Dataset excerpts:
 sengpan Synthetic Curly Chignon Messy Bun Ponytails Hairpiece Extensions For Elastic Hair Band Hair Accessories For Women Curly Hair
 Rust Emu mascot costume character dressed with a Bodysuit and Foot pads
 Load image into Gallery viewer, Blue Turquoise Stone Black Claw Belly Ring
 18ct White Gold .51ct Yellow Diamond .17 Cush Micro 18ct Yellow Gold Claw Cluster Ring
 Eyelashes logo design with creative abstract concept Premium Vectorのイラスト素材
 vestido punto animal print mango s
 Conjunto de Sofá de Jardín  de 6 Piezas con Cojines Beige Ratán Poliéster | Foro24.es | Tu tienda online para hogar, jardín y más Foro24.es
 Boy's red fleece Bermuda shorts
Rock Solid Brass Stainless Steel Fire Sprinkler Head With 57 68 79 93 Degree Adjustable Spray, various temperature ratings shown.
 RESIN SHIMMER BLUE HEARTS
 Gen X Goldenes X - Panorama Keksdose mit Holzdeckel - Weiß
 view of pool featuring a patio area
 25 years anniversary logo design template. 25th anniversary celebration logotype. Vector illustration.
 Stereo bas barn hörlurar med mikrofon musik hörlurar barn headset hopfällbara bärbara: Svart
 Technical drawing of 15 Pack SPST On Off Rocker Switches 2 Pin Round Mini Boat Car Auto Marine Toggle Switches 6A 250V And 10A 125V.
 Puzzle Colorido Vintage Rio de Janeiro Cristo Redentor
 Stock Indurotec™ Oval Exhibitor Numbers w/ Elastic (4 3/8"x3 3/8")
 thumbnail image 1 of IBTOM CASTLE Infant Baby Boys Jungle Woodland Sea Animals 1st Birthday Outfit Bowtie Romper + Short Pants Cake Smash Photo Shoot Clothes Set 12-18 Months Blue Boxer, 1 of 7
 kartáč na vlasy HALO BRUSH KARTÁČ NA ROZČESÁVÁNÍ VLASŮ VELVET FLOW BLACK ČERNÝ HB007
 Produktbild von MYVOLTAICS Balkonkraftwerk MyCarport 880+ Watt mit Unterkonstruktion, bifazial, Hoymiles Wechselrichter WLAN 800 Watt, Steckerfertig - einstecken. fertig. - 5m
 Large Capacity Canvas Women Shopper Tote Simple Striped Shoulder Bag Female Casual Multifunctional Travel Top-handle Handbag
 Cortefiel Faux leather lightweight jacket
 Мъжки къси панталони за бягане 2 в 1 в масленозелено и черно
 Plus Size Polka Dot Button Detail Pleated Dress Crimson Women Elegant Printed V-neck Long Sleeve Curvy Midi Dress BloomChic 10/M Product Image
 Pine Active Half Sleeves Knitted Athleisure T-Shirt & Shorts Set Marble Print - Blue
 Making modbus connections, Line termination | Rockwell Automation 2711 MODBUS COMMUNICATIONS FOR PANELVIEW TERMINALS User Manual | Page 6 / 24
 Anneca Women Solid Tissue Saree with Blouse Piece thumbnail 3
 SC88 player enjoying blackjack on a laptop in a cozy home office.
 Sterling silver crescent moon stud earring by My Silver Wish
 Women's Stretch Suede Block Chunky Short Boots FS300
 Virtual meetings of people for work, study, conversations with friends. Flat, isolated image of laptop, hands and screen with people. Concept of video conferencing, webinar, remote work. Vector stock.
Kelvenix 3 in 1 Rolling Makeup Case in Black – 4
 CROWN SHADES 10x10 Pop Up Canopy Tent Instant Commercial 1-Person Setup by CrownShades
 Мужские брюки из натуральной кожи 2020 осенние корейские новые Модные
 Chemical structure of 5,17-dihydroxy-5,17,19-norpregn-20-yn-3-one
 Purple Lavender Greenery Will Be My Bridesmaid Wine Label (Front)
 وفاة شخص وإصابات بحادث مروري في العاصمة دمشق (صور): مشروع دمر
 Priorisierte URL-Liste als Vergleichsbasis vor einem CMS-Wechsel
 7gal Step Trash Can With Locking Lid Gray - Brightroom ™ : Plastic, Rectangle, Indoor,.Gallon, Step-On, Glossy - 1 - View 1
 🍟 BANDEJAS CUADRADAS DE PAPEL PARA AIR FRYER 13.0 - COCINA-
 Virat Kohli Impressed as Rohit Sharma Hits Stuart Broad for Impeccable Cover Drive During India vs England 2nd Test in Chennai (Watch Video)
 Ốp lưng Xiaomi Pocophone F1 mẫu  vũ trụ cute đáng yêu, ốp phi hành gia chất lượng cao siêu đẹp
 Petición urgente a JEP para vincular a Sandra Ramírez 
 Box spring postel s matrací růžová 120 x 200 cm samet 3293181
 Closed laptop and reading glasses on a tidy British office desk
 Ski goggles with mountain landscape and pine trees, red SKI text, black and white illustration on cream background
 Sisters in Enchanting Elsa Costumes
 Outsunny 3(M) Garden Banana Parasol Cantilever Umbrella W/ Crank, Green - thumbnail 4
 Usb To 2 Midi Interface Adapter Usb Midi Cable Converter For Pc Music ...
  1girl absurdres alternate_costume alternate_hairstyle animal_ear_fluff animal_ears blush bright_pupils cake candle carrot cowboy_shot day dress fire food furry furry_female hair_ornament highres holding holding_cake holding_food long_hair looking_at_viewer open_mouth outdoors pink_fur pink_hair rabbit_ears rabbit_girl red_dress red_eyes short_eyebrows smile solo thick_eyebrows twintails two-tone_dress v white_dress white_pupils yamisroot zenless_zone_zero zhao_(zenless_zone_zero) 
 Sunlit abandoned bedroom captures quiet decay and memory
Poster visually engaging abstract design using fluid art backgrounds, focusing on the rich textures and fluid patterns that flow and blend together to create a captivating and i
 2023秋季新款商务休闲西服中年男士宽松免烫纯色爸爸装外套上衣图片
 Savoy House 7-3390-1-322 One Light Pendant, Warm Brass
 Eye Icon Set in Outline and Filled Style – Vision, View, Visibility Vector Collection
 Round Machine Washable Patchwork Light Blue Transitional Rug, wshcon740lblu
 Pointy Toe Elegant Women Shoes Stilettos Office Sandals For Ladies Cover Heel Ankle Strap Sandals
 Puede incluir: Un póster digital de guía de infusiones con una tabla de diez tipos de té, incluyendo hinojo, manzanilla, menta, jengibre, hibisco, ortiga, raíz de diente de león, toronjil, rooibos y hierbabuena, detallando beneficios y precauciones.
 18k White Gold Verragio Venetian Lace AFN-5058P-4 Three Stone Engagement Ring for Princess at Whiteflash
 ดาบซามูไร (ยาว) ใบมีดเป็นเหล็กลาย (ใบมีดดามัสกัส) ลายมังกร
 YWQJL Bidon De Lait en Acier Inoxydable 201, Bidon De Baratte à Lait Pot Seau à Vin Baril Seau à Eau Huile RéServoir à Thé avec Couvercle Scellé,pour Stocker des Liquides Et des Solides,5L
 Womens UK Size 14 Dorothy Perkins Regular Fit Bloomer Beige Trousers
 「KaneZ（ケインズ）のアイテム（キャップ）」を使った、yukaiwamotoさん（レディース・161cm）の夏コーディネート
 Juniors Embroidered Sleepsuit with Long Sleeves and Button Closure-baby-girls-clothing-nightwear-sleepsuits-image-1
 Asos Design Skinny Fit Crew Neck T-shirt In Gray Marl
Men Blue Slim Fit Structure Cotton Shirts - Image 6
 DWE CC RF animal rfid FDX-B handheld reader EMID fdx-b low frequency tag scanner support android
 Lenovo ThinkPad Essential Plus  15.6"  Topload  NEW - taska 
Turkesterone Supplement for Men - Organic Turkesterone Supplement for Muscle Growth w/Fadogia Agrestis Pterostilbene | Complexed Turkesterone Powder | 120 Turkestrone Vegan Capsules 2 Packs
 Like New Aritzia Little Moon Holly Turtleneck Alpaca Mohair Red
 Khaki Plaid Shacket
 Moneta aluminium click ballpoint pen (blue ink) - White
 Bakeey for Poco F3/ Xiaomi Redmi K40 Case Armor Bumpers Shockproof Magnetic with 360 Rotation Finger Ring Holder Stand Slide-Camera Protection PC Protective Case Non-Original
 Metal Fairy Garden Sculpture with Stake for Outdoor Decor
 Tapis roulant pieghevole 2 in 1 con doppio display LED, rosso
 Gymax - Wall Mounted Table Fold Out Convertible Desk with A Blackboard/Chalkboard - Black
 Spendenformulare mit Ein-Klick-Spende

• _ACTION ITEM_:
Copy out the entries exactly. Begin at the first line and end with the line that has "Мъжки къси панталони".

• _RESPONSE_:
 sengpan Synthetic Curly Chignon Messy Bun Ponytails Hairpiece Extensions For Elastic Hair Band Hair Accessories For Women Curly Hair
 Rust Emu mascot costume character dressed with a Bodysuit and Foot pads
 Load image into Gallery viewer, Blue Turquoise Stone Black Claw Belly Ring
 18ct White Gold .51ct Yellow Diamond .17 Cush Micro 18ct Yellow Gold Claw Cluster Ring
 Eyelashes logo design with creative abstract concept Premium Vectorのイラスト素材
 vestido punto animal print mango s
 Conjunto de Sofá de Jardín  de 6 Piezas con Cojines Beige Ratán Poliéster | Foro24.es | Tu tienda online para hogar, jardín y más Foro24.es
 Boy's red fleece Bermuda shorts
Rock Solid Brass Stainless Steel Fire Sprinkler Head With 57 68 79 93 Degree Adjustable Spray, various temperature ratings shown.
 RESIN SHIMMER BLUE HEARTS
 Gen X Goldenes X - Panorama Keksdose mit Holzdeckel - Weiß
 view of pool featuring a patio area
 25 years anniversary logo design template. 25th anniversary celebration logotype. Vector illustration.
 Stereo bas barn hörlurar med mikrofon musik hörlurar barn headset hopfällbara bärbara: Svart
 Technical drawing of 15 Pack SPST On Off Rocker Switches 2 Pin Round Mini Boat Car Auto Marine Toggle Switches 6A 250V And 10A 125V.
 Puzzle Colorido Vintage Rio de Janeiro Cristo Redentor
 Stock Indurotec™ Oval Exhibitor Numbers w/ Elastic (4 3/8"x3 3/8")
 thumbnail image 1 of IBTOM CASTLE Infant Baby Boys Jungle Woodland Sea Animals 1st Birthday Outfit Bowtie Romper + Short Pants Cake Smash Photo Shoot Clothes Set 12-18 Months Blue Boxer, 1 of 7
 kartáč na vlasy HALO BRUSH KARTÁČ NA ROZČESÁVÁNÍ VLASŮ VELVET FLOW BLACK ČERNÝ HB007
 Produktbild von MYVOLTAICS Balkonkraftwerk MyCarport 880+ Watt mit Unterkonstruktion, bifazial, Hoymiles Wechselrichter WLAN 800 Watt, Steckerfertig - einstecken. fertig. - 5m
 Large Capacity Canvas Women Shopper Tote Simple Striped Shoulder Bag Female Casual Multifunctional Travel Top-handle Handbag
 Cortefiel Faux leather lightweight jacket
 Мъжки къси панталони за бягане 2 в 1 в масленозелено и черно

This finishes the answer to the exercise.